FIGURE 2.6 Manually reconstructed linear к-nearest neighbor (kNN decoded) algorithm for the iris dataset with evaluation using a confusion matrix.

Advantages of kNN:

- • Simple and easy to employ for classification applications since it works only when based on the
*к*value and Euclidean distance function. - • The kNN algorithm does not require any training phase because it is an instance-based learner and therefore is faster than the ones that require training such as LDA and naive Bayes.
- • The accuracy of the algorithm is not impacted by adding new data to the existing dataset, therefore data can be seamlessly added.

Disadvantages of kNN:

- • The kNN does not perform well with large datasets, since it is computationally expensive to calculate the distance between the new test data instance with every other instance in the training dataset.
- • Similarly for datasets with high dimensions (many feature attributes) the algorithm becomes more complicated when calculating the distance in each dimension.
- • It is sensitive to noisy data, therefore data preprocessing measures should be taken to eliminate any missing values or outliers before employing kNN.

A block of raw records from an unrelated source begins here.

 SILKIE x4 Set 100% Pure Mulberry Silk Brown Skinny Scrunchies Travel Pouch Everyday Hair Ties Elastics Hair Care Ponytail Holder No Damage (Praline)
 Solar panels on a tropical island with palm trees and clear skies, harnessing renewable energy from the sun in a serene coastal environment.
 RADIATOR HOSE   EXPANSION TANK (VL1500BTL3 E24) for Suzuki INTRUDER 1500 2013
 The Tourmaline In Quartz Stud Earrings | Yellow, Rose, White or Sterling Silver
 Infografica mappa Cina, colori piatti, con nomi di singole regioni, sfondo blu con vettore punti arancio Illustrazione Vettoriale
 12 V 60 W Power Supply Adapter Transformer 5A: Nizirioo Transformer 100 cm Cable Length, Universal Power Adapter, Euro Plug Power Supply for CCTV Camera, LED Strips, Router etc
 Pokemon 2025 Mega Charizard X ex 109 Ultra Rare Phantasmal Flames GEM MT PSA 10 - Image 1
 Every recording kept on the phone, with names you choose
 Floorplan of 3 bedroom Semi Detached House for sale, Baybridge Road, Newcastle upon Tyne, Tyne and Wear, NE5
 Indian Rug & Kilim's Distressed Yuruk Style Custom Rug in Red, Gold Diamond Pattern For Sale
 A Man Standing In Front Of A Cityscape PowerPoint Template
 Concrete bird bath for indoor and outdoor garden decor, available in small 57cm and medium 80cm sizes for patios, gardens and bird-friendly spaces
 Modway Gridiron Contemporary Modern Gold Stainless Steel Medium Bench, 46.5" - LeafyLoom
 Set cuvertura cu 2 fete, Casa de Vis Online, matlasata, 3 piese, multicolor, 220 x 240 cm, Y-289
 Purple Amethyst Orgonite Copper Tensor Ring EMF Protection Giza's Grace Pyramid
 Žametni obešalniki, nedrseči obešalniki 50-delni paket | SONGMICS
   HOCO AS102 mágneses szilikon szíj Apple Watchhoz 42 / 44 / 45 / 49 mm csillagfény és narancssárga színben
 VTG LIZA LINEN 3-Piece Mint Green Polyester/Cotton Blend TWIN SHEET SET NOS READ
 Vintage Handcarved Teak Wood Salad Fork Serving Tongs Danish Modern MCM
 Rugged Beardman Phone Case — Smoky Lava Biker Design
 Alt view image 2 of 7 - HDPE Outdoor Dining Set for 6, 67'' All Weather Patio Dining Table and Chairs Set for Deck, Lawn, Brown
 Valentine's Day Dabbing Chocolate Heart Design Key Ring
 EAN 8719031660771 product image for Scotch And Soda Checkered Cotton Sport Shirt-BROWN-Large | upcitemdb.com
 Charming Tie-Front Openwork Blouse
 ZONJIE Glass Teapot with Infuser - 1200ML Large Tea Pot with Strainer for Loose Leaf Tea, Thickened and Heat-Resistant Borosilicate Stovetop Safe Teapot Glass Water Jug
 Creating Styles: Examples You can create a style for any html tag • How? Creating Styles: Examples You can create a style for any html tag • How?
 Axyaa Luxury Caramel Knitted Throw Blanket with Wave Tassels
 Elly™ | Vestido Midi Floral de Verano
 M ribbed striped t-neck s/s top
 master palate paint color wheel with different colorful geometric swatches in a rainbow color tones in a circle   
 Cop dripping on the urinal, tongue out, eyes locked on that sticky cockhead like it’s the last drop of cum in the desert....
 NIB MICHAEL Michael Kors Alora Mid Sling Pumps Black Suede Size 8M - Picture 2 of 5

# Evaluation of ML Methods

Evaluating the efficiency of the developed model is an essential part of ML. Different metrics are available to evaluate the efficiency of the model, among which confusion matrix, accuracy, precision, recall, and F-score are often used for classification applications.

## Confusion Matrix

The confusion matrix conveys the correctness of the model in the form of a matrix. It is mostly used for determining the effectiveness of the classification of ML models with two or more classes. The matrix contains the actual values in rows and predicted values in columns (Figure 2.7).

The following are the four essential terms associated with the confusion matrix.

- • True positive (TP)—Cases where the actual data belonged to class 1 and the model correctly classified as class 1.
- • False negative (FN)—Cases where the actual data belonged to class 1 but the model wrongly classified as class 2.
- • False positive (FP)—Cases where the actual data belonged to class 2 but the model wrongly classified as class 1.
- • True negative (TN)—Cases where the actual data belonged to class 2 and the model correctly classified as class 2.

The following performance parameters, namely accuracy, precision, recall, F-score, macro-average (based on number of classes), and weighted average (weighting each class by number of samples in each class) are calculated based on the TP, FN, FP, and TN values present in the confusion matrix (Figure 2.7).

## Accuracy

Accuracy in classification problems is the ratio of the total number of correct predictions by the model (TP and TN) to the total number of input data. It is a good measure for evaluating the model if the classes in the data are nearly balanced.

FIGURE 2.7 Confusion matrix for a binary class of data.

## Precision

Precision is a metric that quantifies the number of cases correctly classified as positive out of the total cases classified as positive. It is the ratio of TP to the sum of TP and FP. The precision result is a value between the range 0.0 and 1.0, where 0.0 represents no precision and 1.0 represents full or perfect precision.

## Recall

Recall is the proportion of cases correctly classified as positive in the class of interest. It is the ratio of TP to the total instances (TP and FN) of a class. It is a value between 0.0 and 1.0.

## F-score

F-score is the balance between the precision and recall and is determined using their harmonic mean. This measure is more reliable than accuracy to validate a model if the data has uneven class distribution. However, with even class distribution (balanced dataset), F-score is the same as the accuracy value.